This month, two people to which I have been close have passed away. I am writing this because I need to remember them. All I have of them is memories, and without those, they truly will have died for me. While I remember them, they are never far away and I can bring them to life with but a thought.

The first is woman of incredible character. I don't know her very well, but I know her children. They are the kind of kids that don't stop at anything. If they get knocked to the ground, they'll get up and keep coming. I have yet to meet another family where every one of them is able to ignore hardships and continue their lives as if it never happened. Their mother is the same. She is a woman of character with strict rules and a kindness that allowed her to raise nine children and maintain her sanity. I heard that at her funeral, they didn't so much speak of her, but more of her children. When I heard, I couldn't help but smile. What better way to characterize someone than by what they have made? I dated her daughter once, and she never spoke a harsh word to me. She smiled at me when I would awkwardly stand at the door waiting for daughter, and even try to make conversation with me. I could tell she could hardly stop herself from laughing, and I thank her for sparing me that last ridicule for a teenage boy.

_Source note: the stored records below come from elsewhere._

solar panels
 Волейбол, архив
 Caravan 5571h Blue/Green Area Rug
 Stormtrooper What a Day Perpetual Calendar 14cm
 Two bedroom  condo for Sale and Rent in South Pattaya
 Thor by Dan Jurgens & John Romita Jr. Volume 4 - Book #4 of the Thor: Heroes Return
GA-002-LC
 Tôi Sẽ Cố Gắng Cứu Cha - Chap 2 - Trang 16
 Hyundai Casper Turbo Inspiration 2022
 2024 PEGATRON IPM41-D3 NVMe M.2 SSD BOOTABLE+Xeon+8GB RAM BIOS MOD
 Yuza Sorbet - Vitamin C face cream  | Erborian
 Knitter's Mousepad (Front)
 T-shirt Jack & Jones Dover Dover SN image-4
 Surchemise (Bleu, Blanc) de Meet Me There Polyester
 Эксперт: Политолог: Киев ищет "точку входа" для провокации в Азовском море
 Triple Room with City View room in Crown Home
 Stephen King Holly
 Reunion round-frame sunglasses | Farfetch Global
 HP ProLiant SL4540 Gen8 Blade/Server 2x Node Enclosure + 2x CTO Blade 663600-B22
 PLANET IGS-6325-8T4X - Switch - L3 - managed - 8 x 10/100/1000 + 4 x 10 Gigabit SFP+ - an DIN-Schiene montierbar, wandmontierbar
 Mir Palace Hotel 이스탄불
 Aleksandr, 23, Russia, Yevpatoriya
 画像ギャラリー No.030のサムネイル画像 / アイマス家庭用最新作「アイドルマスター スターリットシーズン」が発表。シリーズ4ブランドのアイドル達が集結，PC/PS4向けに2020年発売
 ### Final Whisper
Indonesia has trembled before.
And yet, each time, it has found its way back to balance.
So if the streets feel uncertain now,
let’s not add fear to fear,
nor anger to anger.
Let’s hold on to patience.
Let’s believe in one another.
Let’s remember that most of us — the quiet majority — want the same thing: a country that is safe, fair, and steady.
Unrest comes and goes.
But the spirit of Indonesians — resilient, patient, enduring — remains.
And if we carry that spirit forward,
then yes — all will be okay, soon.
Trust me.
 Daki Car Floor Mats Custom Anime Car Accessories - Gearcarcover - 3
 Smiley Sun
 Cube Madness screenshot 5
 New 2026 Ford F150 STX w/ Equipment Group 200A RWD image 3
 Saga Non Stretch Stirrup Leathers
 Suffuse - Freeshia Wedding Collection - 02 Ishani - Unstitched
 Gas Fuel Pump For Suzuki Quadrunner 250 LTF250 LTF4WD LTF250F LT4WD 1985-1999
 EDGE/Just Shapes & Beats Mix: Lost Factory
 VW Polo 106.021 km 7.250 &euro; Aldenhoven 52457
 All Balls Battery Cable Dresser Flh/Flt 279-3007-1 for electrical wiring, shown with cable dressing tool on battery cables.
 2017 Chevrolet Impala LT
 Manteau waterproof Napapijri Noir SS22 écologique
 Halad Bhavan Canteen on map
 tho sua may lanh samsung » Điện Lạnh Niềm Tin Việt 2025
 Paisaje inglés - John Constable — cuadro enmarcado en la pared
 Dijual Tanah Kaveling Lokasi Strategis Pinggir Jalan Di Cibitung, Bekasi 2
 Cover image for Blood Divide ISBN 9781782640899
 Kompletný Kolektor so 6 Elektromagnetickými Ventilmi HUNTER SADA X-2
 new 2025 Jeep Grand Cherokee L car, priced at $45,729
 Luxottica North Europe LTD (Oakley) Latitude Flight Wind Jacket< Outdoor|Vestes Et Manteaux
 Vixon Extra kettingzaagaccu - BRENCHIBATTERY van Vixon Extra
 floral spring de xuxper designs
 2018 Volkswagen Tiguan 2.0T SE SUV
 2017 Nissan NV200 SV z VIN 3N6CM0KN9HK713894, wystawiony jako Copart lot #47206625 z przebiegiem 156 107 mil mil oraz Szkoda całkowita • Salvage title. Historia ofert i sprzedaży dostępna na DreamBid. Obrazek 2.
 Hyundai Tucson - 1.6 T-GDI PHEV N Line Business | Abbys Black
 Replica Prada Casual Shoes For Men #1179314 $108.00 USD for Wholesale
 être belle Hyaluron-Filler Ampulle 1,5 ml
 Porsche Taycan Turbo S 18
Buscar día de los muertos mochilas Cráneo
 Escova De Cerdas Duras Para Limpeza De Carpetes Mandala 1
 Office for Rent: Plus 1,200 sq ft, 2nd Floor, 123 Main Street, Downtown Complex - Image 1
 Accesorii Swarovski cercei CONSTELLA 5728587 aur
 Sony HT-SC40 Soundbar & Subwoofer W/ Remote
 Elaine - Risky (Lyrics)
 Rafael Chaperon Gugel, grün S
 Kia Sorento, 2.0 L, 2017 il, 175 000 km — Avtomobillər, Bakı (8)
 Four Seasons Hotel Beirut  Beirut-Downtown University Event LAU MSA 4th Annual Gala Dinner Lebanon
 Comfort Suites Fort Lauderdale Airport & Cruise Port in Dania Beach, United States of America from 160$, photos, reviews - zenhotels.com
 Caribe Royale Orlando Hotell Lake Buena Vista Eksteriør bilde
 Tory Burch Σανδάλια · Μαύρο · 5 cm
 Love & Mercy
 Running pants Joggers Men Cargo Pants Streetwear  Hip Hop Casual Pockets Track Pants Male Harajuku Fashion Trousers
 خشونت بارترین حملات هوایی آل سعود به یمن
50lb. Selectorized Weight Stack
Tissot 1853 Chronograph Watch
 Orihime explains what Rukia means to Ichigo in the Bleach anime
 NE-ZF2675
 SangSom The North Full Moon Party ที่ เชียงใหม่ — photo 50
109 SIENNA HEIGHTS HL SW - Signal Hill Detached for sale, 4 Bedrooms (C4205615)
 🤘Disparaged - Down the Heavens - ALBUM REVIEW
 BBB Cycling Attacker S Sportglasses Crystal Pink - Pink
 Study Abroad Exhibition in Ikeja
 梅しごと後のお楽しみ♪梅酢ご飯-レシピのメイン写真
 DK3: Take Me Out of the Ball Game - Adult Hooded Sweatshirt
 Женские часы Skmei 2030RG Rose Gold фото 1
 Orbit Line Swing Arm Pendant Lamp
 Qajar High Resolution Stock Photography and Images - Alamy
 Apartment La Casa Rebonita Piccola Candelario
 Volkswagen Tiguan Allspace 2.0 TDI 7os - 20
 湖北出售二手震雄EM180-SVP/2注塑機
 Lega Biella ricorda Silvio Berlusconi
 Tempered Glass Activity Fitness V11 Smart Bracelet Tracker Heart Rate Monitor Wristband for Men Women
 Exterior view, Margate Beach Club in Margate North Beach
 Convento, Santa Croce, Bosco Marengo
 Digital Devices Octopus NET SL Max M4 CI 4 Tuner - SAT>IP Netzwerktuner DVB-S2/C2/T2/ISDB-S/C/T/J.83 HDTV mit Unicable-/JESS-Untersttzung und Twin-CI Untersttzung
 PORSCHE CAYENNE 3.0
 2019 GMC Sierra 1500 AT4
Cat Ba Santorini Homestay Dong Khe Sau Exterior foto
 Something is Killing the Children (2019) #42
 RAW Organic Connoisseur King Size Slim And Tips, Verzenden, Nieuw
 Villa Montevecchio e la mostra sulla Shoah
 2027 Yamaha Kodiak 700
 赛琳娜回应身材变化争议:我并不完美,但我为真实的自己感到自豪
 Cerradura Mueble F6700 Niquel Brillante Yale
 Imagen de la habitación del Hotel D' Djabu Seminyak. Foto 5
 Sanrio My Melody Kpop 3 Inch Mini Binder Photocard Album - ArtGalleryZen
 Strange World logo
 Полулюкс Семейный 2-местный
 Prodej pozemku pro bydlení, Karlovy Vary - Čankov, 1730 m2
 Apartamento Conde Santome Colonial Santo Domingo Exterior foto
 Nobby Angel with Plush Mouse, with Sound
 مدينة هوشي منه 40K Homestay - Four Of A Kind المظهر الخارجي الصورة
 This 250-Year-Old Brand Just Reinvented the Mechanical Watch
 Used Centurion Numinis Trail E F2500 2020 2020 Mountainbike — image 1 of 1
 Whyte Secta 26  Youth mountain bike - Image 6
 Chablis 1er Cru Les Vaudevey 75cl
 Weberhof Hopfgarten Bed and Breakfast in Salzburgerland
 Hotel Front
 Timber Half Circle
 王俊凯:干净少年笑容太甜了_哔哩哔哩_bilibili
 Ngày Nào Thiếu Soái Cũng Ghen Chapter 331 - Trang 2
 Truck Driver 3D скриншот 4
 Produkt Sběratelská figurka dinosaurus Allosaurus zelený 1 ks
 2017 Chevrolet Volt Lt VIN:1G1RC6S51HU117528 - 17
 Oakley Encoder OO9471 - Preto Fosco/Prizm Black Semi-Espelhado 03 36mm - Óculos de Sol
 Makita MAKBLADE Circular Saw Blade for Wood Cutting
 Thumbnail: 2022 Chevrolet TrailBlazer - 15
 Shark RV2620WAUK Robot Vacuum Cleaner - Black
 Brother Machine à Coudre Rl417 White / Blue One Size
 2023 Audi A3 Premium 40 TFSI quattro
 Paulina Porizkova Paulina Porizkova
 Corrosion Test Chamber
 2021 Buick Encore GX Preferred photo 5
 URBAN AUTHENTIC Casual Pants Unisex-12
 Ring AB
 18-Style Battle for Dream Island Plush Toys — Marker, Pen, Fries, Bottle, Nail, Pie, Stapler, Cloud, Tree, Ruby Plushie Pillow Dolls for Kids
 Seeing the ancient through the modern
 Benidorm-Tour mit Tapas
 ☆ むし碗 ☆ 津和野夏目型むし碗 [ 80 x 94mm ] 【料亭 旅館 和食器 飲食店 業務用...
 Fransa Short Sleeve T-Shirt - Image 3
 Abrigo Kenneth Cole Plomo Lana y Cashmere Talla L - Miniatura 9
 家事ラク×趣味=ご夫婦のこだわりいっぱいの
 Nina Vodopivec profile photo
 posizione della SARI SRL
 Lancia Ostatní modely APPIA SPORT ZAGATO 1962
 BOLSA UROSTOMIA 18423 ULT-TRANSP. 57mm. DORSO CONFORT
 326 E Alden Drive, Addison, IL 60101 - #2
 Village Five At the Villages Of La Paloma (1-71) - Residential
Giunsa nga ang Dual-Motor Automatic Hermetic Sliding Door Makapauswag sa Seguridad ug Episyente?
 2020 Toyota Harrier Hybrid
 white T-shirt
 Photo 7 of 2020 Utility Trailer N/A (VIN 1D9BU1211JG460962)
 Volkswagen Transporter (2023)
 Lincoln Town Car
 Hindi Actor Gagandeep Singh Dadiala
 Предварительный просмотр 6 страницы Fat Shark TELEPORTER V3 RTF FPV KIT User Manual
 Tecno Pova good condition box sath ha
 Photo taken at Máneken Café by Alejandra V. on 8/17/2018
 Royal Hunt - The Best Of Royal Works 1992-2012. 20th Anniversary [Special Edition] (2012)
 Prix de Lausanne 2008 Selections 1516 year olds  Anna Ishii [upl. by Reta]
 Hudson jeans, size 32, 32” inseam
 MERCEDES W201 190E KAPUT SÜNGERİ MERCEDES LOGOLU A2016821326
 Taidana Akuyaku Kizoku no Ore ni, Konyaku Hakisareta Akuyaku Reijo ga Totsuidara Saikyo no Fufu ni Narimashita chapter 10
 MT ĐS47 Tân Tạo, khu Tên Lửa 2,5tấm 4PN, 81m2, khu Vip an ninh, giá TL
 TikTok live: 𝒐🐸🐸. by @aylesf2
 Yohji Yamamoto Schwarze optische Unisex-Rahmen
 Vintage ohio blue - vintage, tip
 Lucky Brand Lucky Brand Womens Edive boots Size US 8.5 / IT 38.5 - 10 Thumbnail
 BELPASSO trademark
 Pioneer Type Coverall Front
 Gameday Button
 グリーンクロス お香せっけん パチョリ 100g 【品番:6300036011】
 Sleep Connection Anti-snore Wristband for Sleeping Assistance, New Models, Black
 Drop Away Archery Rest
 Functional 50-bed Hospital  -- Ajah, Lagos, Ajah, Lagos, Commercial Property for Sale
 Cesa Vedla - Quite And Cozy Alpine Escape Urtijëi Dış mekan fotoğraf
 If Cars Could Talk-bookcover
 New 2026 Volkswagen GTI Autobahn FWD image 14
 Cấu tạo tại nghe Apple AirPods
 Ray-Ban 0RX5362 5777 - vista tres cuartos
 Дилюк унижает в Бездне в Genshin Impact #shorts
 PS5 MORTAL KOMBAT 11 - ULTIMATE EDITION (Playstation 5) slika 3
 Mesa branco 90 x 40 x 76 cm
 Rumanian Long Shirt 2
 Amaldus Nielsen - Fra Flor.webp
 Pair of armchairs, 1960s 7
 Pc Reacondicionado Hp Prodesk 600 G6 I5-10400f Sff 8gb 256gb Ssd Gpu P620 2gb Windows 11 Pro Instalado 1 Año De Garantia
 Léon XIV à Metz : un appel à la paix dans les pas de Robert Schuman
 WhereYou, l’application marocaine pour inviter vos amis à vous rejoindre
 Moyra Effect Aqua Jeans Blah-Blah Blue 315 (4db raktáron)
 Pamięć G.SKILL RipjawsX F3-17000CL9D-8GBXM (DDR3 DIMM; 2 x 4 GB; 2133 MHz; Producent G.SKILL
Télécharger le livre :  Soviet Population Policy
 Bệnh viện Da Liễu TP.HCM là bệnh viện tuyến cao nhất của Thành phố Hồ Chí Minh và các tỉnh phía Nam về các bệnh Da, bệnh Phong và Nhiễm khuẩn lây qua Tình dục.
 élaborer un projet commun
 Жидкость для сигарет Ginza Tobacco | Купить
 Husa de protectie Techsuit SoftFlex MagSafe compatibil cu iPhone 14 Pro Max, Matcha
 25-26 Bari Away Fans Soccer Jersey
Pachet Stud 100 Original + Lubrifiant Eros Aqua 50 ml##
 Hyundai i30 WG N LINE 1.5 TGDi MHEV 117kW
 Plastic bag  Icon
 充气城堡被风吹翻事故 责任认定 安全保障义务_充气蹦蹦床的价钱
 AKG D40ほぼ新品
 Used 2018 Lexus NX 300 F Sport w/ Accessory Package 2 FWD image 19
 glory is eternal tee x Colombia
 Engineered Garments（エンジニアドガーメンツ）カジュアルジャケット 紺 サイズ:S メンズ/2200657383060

The second is a boy who should never have died. He is a kid, just a kid who ran in front of a car ... He was in my scout troop, one of the little ones who was always running around, asking questions, and never complaining. When I first heard of his death, I was struck by how much I didn't remember. The name didn't ring any bells, and at first glance, his pictures were only vaguely familiar. After it sunk in, I remembered him. I used to referee his soccer games. I remember him running around the field, trying to score, all in the seriousness of a boy playing a game. He was one of those who would do whatever you asked him to do without a word of complaint. You could always count on him to be there after hours of walking under the midday sun, and ready to keep walking until you summited that last peak. He was always ready to learn, eager to listen, and joyful for everything you gave him.

I remember these people not only because they have left, but because it was not their time. No mother should have to leave her nine year old girl, her girl who is just starting college, or even her boy who is faltering in school and excelling in sports. No boy should die when he's only 14, before he's really had a kiss, or even before he's even really noticed a girl for what she truly is. Neither of the should have left this world for the next, neither of them was ready for it, nor was it ready for them. This world lost a wonderful person and boy who was on his way to becoming one the best of men, and is the poorer for it. I pray, hope, need to know that there has to be something that after this life that will ... I don't know what, only that there has to be something there for them to go to, that they didn't just stop.

In the meantime, I will remember them. This way, they will never have truly left this world, and maybe, maybe, the world will still gain from having them live in it, no matter how brief their stay.